STORED DATA
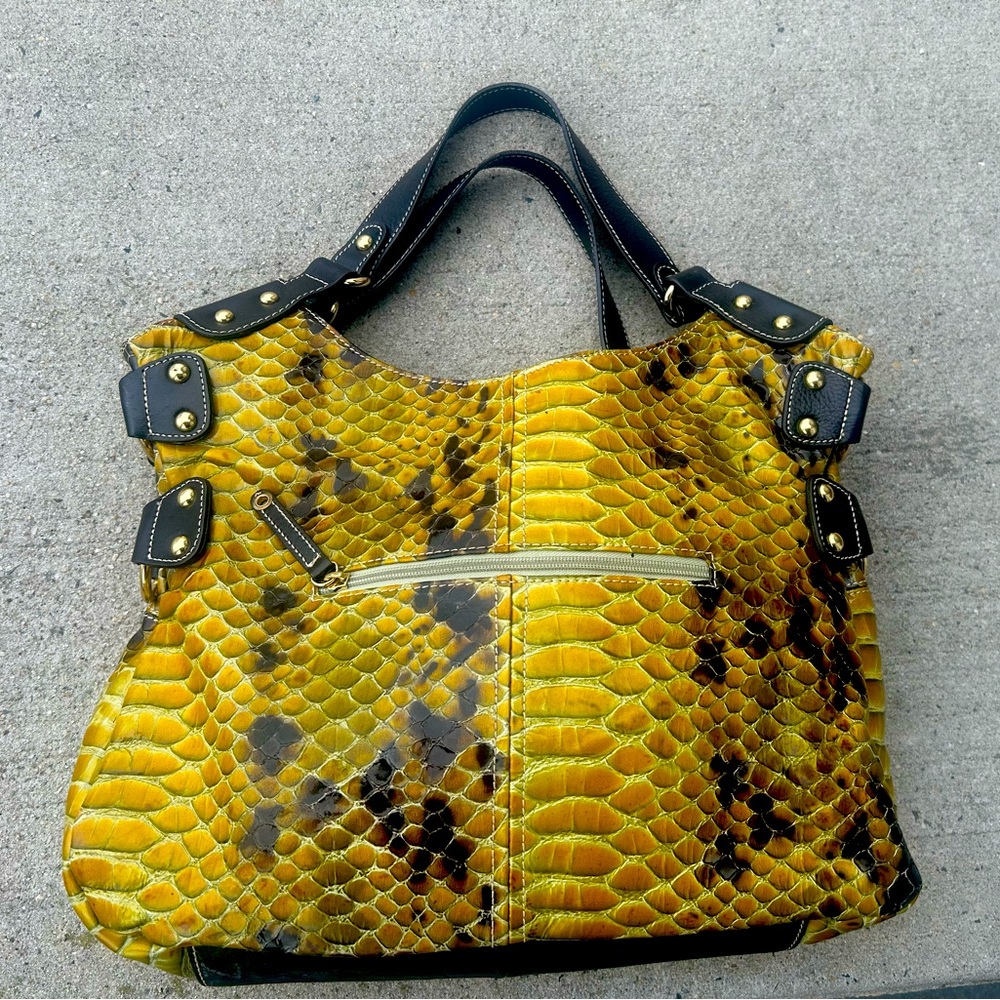 Barr&Barr all leather embossed shoulder bag.taupy/olive green n brown hues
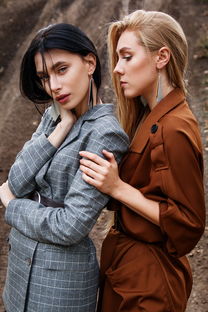 探索早安少女组历代成员的魅力与贡献:从出道到现在的青春记忆 探索早安少女组历代成员的魅力与贡献:从出道到现在的青春记忆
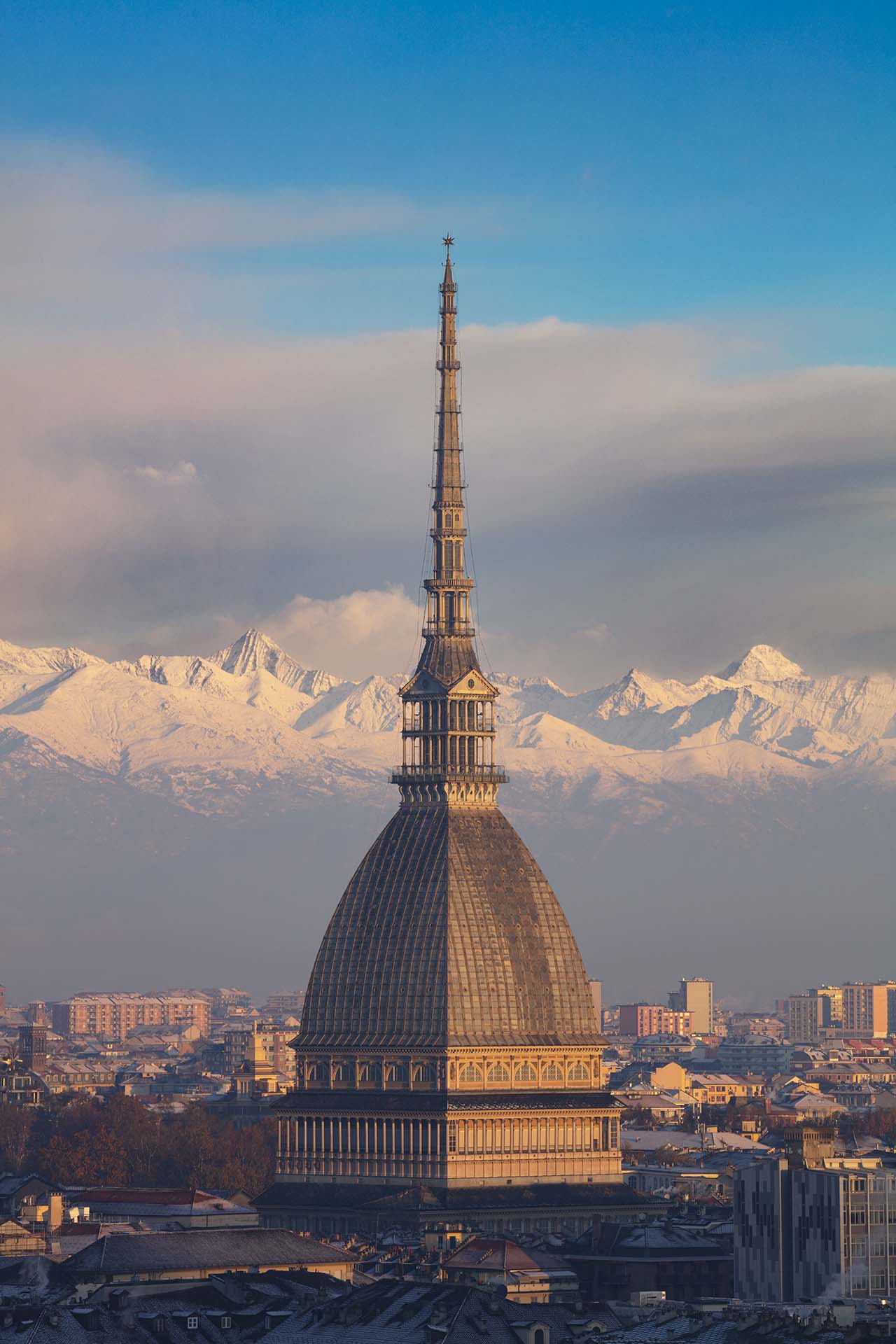 La città di Torino con la Mole Antonelliana e le Alpi.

TASK INSTRUCTIONS
Would you retype each line above exactly and skip every image?

ANSWER FOR THE TASK
 Barr&Barr all leather embossed shoulder bag.taupy/olive green n brown hues
 探索早安少女组历代成员的魅力与贡献:从出道到现在的青春记忆 探索早安少女组历代成员的魅力与贡献:从出道到现在的青春记忆
 La città di Torino con la Mole Antonelliana e le Alpi.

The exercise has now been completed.